[Short descriptive text snippets]
■ ■ ■
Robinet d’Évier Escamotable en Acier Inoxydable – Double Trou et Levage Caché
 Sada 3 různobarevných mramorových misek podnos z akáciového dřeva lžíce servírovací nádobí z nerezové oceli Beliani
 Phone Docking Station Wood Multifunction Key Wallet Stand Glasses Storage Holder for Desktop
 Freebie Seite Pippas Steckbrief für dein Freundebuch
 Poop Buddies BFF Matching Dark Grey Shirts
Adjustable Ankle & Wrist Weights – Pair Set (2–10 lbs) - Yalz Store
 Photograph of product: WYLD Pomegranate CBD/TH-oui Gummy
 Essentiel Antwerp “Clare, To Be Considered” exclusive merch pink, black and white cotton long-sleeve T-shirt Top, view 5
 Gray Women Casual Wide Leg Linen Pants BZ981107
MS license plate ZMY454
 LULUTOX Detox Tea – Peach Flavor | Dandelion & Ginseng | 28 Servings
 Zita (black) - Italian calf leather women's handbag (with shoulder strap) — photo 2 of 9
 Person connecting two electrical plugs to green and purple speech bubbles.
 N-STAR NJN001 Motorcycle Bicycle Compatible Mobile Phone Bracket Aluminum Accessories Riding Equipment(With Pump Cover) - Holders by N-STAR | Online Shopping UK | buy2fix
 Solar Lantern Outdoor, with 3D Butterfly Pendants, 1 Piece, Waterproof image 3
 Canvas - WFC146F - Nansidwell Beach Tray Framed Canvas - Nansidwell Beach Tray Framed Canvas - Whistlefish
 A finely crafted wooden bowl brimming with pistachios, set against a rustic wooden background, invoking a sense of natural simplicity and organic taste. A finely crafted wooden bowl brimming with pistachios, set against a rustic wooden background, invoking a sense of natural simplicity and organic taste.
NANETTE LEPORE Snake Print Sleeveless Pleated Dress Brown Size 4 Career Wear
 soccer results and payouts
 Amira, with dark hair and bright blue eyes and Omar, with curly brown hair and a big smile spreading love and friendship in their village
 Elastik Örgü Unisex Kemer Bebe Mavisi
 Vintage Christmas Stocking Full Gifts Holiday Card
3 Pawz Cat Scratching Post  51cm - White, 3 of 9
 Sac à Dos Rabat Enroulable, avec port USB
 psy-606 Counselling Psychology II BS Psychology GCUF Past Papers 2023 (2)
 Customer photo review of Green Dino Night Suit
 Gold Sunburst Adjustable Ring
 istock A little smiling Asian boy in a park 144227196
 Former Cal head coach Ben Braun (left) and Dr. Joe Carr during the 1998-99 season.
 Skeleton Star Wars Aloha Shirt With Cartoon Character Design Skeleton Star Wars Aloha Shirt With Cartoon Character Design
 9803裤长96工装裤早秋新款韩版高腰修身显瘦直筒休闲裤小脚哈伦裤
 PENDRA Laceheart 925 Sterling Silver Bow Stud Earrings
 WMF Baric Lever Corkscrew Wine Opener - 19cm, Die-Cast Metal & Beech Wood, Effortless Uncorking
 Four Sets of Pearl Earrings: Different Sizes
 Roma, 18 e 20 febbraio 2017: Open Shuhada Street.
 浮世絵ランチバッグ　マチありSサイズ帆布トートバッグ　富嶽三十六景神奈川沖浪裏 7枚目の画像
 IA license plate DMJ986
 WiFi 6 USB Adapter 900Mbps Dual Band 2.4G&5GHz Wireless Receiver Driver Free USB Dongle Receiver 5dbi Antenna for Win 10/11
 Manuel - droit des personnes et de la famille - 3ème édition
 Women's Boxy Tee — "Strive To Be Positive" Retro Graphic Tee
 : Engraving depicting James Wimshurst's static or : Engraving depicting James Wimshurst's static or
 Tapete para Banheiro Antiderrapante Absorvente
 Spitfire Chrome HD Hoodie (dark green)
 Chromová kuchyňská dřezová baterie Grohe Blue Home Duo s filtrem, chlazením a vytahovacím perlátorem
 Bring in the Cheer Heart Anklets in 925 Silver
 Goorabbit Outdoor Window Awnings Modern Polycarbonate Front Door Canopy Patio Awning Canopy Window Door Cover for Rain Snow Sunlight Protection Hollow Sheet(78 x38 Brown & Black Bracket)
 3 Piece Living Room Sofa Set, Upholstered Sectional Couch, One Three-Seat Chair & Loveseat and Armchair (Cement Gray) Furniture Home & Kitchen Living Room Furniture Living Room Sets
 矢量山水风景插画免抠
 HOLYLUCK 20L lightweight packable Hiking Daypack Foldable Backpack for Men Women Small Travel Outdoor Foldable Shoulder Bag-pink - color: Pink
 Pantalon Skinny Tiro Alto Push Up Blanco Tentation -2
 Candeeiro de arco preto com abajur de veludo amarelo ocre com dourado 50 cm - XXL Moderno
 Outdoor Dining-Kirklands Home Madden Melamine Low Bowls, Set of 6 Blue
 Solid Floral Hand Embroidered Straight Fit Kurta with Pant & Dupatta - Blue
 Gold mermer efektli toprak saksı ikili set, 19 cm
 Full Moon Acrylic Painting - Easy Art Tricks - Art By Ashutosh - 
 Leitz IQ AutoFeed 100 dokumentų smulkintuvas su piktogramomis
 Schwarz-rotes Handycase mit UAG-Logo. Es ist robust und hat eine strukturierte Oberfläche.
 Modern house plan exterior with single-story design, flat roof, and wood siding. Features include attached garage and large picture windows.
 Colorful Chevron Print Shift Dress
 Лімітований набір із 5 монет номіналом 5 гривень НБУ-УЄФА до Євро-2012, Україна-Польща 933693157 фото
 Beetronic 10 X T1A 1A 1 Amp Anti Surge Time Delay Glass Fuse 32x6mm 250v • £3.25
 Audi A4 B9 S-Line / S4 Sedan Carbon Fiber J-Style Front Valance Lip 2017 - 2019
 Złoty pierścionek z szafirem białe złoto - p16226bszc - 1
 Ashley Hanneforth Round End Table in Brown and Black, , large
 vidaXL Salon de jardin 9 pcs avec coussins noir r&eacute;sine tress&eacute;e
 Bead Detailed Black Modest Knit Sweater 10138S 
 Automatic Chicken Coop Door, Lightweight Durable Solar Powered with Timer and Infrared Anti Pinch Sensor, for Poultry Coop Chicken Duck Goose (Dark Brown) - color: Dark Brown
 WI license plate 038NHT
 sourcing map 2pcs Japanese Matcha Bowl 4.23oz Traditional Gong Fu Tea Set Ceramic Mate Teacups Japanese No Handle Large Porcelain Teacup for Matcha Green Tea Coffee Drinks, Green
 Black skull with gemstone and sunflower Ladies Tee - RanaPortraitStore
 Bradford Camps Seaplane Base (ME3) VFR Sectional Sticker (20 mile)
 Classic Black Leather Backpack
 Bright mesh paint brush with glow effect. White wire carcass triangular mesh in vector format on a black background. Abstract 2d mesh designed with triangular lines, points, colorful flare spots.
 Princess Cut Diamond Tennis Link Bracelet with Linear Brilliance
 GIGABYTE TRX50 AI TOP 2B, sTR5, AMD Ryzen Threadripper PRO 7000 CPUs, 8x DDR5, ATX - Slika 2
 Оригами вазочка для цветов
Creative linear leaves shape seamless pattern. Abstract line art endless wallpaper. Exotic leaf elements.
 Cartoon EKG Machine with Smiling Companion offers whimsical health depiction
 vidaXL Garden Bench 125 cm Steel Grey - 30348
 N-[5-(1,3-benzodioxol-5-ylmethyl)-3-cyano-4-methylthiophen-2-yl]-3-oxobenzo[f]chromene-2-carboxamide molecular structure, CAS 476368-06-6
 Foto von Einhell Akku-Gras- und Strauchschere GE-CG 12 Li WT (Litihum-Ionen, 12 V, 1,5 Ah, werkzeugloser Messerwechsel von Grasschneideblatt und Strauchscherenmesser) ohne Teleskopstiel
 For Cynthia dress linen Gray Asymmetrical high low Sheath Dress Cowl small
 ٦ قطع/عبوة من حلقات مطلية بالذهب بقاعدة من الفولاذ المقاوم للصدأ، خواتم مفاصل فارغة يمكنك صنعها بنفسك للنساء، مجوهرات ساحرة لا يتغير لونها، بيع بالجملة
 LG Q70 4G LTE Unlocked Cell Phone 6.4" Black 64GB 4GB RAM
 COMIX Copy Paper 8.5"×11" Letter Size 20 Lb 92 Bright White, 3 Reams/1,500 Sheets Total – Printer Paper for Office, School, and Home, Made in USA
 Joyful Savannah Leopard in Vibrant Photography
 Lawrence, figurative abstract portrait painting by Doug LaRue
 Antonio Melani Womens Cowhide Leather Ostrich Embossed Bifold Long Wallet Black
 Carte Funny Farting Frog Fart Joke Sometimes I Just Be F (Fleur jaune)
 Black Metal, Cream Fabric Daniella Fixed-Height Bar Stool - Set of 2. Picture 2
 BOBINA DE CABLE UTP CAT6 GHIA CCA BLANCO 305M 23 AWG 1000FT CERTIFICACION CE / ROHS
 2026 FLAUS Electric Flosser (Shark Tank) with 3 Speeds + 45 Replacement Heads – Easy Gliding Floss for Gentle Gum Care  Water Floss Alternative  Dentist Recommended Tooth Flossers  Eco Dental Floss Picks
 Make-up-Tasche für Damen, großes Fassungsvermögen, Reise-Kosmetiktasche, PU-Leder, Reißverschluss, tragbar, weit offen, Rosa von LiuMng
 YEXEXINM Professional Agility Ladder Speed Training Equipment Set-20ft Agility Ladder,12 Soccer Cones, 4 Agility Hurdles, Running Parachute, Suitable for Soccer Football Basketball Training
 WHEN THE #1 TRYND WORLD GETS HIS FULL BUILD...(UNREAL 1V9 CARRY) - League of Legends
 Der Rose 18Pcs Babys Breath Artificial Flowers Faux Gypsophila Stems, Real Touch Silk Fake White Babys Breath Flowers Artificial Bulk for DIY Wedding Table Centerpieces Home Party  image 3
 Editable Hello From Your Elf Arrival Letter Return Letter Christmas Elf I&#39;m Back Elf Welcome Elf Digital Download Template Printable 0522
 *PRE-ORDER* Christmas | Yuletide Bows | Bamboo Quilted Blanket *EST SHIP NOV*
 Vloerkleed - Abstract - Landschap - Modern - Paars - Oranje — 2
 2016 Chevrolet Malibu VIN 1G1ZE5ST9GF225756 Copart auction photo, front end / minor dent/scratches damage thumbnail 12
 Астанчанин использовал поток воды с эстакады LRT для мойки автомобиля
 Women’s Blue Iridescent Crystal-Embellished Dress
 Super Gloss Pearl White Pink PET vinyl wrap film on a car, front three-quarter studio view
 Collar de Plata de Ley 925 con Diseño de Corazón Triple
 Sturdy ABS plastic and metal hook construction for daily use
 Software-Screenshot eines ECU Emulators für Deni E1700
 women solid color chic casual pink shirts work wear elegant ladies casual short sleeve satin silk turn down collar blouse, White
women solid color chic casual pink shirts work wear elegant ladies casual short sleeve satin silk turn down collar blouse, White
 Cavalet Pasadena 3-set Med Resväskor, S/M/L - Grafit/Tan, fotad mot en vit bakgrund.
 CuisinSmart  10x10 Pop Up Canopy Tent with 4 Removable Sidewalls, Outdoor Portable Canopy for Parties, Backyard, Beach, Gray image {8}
■ ■ ■
> TASK STATEMENT
Tally the lines in the records that contain "Cover", then give only the tally.

> RESPONSE FOR THIS EXERCISE
2